La prima conferenza del giorno ha aperto con un tema di primaria importanza per tutti gli sviluppatori, ovvero come vendere i propri giochi su Steam (e non solo), e chi meglio di un publisher poteva agire da presentatore? Luke Keighran, managing director di Merge Games, ha raccontato della sua esperienza come professionista del settore, con un’esperienza di oltre dieci anni iniziata con Acclaim e proseguita con THQ, fino ad arrivare alla fondazione di Merge Games nel 2010. L’azienda nasce specializzata nell’esportazione di giochi per conto terzi verso mercati considerati “difficili”, come Arabia Saudita, Turchia o Russia, e successivamente si dedica alla creazione di edizioni fisiche di giochi indie di successo (come Terraria), andando a colpire la nicchia dei collezionisti. Nel 2012 arriva la svolta con l’inizio della pubblicazione di titoli tramite Steam, Desura e affini, iniziando a delineare meglio il ruolo di publisher di riferimento per gli sviluppatori indipendenti.

L’ultima parte delina il più grosso controsenso dell’espressione “sviluppatore indipendente”: come possono i developer considerarsi indipendenti se hanno bisogno di un publisher? La verità è che, a parte rarissimi casi, non esistono veri sviluppatori indipendenti. Il ruolo del publisher, a cui molti pare ignoto, è fondamentale: non basta essere degli ottimi programmatori o degli ottimi artisti, per vendere un gioco servono competenze comunicative e commerciali.

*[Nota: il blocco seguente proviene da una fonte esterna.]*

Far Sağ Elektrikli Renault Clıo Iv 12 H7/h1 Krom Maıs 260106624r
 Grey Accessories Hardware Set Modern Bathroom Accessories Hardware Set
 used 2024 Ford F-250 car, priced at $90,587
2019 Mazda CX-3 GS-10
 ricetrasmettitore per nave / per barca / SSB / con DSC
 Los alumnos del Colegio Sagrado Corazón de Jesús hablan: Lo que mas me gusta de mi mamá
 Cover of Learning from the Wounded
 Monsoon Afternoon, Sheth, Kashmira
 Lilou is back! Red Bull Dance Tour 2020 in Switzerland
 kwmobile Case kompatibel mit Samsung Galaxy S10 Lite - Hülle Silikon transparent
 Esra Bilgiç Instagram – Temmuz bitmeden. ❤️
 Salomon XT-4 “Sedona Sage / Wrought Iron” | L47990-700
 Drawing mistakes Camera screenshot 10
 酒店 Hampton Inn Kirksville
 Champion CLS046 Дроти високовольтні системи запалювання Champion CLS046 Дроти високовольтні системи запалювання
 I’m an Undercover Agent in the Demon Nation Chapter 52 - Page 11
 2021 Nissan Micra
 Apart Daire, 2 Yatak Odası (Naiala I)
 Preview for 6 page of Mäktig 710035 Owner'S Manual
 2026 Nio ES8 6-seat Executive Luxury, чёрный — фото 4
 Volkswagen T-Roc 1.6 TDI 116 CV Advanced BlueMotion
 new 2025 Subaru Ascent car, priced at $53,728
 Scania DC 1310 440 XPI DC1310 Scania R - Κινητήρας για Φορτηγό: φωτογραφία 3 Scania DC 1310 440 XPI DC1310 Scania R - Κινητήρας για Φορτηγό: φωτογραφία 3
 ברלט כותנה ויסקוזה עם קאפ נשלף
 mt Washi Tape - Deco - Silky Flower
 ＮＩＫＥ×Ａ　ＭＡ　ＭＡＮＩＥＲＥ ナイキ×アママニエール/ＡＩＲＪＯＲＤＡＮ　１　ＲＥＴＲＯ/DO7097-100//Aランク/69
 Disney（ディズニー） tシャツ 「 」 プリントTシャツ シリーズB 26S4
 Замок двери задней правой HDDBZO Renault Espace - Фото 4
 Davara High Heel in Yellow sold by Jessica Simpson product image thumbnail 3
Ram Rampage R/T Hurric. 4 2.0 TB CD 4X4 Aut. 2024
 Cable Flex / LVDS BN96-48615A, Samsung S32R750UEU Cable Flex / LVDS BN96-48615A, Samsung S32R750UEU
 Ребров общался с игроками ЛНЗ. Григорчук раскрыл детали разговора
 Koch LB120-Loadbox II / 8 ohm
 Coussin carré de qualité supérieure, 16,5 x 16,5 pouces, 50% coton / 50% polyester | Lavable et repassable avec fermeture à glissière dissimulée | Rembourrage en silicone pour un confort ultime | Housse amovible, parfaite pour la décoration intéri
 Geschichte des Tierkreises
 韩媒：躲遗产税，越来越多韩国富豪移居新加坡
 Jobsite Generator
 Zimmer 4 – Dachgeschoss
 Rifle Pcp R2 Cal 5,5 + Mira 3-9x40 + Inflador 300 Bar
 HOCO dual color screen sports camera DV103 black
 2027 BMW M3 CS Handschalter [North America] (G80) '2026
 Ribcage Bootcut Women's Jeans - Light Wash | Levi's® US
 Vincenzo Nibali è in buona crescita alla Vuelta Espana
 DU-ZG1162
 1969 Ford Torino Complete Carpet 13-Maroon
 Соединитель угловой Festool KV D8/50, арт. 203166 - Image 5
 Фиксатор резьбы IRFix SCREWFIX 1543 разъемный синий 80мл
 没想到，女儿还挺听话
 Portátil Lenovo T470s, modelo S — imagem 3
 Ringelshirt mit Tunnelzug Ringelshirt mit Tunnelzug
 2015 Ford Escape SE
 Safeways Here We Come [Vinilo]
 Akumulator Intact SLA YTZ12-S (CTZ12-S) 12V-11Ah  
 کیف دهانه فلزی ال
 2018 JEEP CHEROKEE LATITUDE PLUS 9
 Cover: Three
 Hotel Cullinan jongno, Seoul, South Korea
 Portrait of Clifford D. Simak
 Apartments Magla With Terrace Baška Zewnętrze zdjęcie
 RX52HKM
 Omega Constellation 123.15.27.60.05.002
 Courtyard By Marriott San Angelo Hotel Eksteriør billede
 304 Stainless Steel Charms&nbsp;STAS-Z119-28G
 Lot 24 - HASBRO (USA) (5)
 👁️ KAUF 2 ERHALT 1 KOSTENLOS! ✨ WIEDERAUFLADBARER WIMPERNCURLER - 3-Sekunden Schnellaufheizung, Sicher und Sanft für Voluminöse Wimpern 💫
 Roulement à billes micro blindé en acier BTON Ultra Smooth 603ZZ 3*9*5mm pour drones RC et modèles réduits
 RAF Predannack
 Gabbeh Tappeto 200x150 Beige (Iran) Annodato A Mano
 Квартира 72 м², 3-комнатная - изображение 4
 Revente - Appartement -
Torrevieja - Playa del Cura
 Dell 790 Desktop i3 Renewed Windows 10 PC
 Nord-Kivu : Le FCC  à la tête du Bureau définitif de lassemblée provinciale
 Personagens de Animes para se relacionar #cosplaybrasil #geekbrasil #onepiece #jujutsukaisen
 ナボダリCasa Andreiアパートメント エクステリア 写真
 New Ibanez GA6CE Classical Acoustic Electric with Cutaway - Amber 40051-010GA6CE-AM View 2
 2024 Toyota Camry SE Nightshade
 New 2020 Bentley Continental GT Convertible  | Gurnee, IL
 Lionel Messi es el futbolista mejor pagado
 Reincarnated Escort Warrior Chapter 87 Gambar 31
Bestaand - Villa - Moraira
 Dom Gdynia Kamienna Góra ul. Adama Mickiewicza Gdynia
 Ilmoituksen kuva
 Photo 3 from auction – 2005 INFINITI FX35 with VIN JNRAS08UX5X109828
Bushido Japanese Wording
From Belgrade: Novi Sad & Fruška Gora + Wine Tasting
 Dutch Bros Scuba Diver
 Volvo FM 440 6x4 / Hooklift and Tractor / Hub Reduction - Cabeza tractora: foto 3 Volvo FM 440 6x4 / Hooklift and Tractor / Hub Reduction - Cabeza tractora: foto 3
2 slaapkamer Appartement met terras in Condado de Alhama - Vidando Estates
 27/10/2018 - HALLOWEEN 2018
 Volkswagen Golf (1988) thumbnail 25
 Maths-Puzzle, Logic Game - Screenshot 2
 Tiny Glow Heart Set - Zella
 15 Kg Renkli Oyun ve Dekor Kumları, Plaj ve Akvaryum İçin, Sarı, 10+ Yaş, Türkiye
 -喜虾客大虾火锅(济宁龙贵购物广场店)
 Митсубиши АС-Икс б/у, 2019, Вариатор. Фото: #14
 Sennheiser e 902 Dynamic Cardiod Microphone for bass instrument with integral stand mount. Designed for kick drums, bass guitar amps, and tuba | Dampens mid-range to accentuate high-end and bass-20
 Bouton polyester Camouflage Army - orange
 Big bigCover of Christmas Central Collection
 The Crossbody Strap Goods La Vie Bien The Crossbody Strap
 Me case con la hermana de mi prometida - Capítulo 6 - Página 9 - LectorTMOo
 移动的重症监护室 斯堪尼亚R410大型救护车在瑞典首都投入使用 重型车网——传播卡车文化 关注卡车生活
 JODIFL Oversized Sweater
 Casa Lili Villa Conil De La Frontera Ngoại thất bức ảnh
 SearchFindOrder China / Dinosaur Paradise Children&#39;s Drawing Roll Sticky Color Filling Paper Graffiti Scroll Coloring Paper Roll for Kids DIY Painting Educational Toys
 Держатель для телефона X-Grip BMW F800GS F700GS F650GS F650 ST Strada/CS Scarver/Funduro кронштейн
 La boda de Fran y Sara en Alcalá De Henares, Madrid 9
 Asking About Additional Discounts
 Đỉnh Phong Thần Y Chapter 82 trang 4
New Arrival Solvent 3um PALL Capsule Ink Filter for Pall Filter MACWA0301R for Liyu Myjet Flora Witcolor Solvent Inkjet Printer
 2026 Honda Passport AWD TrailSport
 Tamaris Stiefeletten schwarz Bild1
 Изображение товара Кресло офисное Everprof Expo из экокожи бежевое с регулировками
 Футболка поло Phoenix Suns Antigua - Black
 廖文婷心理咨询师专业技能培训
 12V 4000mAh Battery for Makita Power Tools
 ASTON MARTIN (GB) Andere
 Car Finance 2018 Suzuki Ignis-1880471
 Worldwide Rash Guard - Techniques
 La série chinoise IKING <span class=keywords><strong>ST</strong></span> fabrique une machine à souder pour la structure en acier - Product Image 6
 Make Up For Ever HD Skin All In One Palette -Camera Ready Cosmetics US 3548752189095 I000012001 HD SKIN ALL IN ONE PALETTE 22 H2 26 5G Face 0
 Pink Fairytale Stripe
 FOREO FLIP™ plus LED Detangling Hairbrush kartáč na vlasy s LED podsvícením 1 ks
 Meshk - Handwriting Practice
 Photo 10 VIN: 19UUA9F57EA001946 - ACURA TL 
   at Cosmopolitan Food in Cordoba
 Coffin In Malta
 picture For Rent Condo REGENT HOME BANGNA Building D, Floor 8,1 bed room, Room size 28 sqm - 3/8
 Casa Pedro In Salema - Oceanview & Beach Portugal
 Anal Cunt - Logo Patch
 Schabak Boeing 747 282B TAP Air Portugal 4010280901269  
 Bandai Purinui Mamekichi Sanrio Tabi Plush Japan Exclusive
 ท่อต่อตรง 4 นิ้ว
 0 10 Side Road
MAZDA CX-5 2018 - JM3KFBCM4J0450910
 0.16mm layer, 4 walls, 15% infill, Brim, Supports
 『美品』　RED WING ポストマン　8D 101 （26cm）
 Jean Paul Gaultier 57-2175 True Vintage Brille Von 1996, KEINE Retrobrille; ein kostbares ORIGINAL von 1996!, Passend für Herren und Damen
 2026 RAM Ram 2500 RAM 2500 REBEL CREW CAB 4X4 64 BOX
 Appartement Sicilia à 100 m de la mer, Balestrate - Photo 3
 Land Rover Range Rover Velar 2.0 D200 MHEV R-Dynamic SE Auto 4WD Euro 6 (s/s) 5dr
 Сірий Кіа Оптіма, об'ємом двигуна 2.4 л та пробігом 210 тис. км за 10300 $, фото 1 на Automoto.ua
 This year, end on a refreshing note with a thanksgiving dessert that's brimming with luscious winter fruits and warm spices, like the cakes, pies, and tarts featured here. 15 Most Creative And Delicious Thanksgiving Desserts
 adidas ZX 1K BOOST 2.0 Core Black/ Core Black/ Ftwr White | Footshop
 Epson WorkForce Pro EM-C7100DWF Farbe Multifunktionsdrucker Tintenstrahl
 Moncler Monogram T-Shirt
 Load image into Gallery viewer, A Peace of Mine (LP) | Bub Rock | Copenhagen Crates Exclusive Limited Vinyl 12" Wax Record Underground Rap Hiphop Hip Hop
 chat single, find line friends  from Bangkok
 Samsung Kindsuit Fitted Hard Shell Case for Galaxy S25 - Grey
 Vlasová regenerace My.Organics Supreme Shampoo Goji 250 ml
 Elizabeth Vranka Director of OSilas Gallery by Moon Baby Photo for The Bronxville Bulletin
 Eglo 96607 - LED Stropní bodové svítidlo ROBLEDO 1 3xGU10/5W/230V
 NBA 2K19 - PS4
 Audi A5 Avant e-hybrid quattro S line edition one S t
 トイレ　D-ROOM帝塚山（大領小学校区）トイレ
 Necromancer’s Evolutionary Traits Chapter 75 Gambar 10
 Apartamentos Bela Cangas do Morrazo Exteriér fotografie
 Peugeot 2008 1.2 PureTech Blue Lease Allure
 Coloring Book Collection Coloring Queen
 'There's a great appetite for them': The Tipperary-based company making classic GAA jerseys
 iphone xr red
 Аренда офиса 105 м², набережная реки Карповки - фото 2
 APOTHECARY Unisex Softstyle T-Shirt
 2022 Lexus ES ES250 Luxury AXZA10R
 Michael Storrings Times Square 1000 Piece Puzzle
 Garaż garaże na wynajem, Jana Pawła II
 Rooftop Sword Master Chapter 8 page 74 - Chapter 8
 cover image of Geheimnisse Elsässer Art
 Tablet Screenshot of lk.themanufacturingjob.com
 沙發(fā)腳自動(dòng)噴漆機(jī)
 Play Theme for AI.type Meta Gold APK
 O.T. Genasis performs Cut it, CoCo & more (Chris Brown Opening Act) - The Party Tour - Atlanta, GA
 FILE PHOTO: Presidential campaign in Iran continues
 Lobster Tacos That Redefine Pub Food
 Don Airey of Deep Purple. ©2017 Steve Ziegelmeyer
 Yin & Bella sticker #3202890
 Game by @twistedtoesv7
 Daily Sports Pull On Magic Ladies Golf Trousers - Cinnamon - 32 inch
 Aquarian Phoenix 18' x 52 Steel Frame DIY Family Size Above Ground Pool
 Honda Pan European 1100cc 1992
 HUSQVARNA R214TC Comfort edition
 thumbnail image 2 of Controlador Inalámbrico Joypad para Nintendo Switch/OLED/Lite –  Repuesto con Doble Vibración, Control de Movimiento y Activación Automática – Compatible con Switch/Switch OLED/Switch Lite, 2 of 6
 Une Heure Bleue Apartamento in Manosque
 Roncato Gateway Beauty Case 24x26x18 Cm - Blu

La filosofia di Luke (e di Merge Games) è la seguente: “il publishing è un servizio che si adegua ai bisogni del gioco. Il servizio che il publisher fornisce è mettere a disposizione dello sviluppatore la propria esperienza e abilità nella vendita, distribuzione, pubbliche relazioni e marketing sui mercati globali. Il supporto di un publisher serve per rendere un titolo vincente”. La conferenza prosegue con due case study di due titoli pubblicati da Merge Games, Enforcer e Meridian: New World.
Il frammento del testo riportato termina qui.